Posted on August 4, 2006December 30, 2021 by admini

“We went from screwing around and having fun on MySpace to an attacker harvesting e-mail addresses to sell to spammers, all in less than 8 months,” Hoffman said.

Such attacks are just an early sign of things to come, said Jeremiah Grossman, founder and chief technology officer for WhiteHat Security, who talked about Javascript threats at Black Hat. Grossman showed off techniques for detecting which of a list of popular sites that a victim has visited and demonstrated a way to port scan an internal network to which the victim is connected, all through Javascript and without exploiting vulnerabilities.
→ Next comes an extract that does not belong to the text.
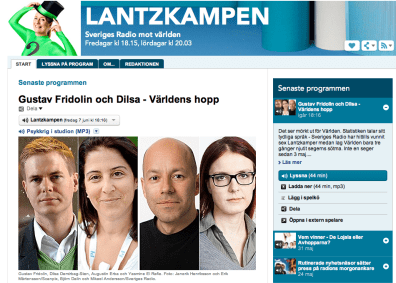 Lantzkampen 7 juni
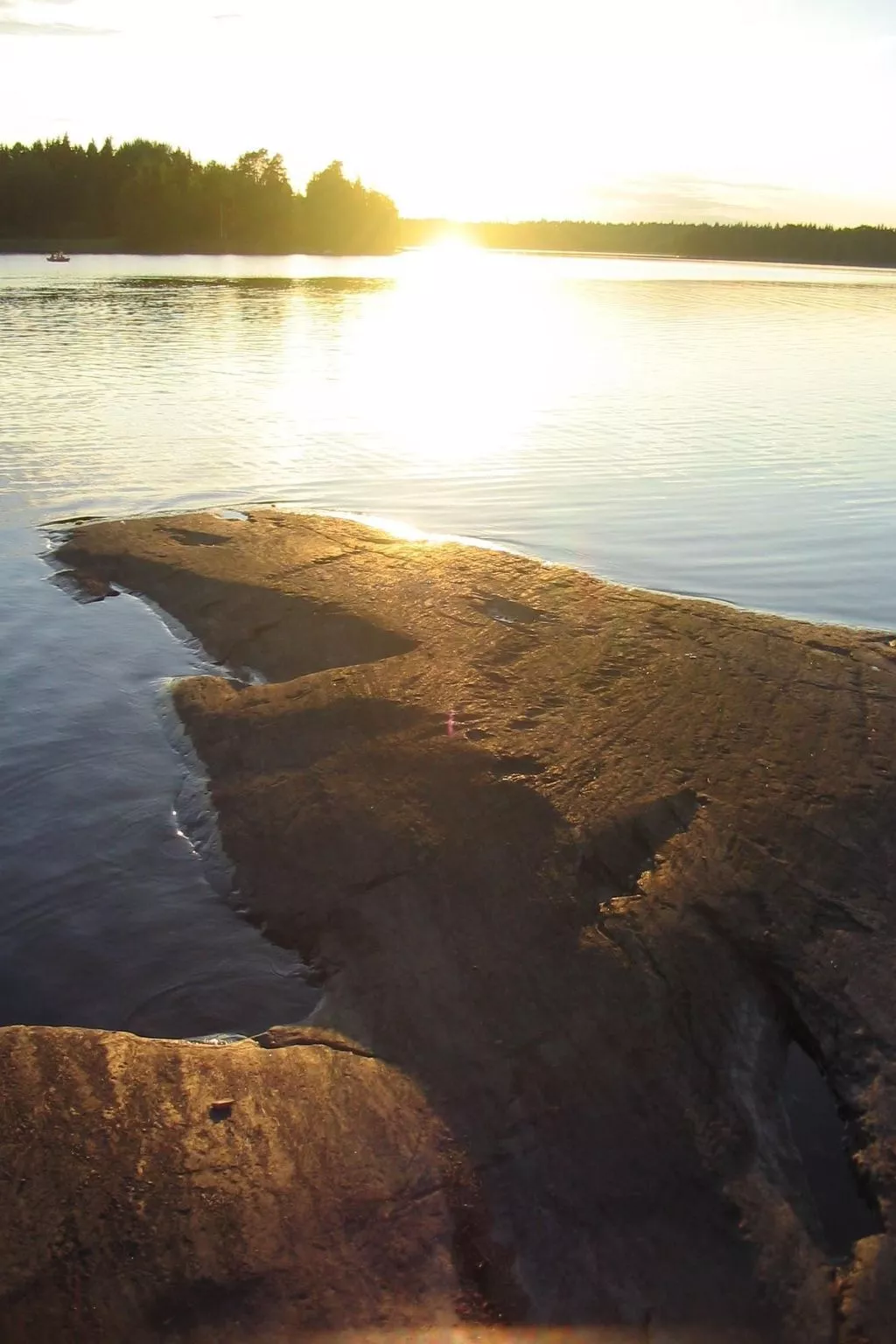 Mit Sauna und Kaminofen sowie Terrasse-Binnen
Considered by many security researchers to be a less-than-hackerly technique used by script kiddies, phishers and spammers to fool trusting users, cross-site scripting (XSS) is a key method for injecting malicious code into a victim’s Web session. Cross-site scripting allows a malicious Web site to inject code into the context of another Web site; a user that believes they are interacting with a popular social networking site, might instead be loading a script in from some other malicious site.

“If you don’t want your Web site to be helping spread malware, the best way to prevent it is to resolve your cross-site scripting issues,” Grossman said.

Secure Sockets Layer (SSL) encryption, far from helping secure against such attacks, could instead aid them in dodging detection by intrusion detection, or prevention, systems, he said.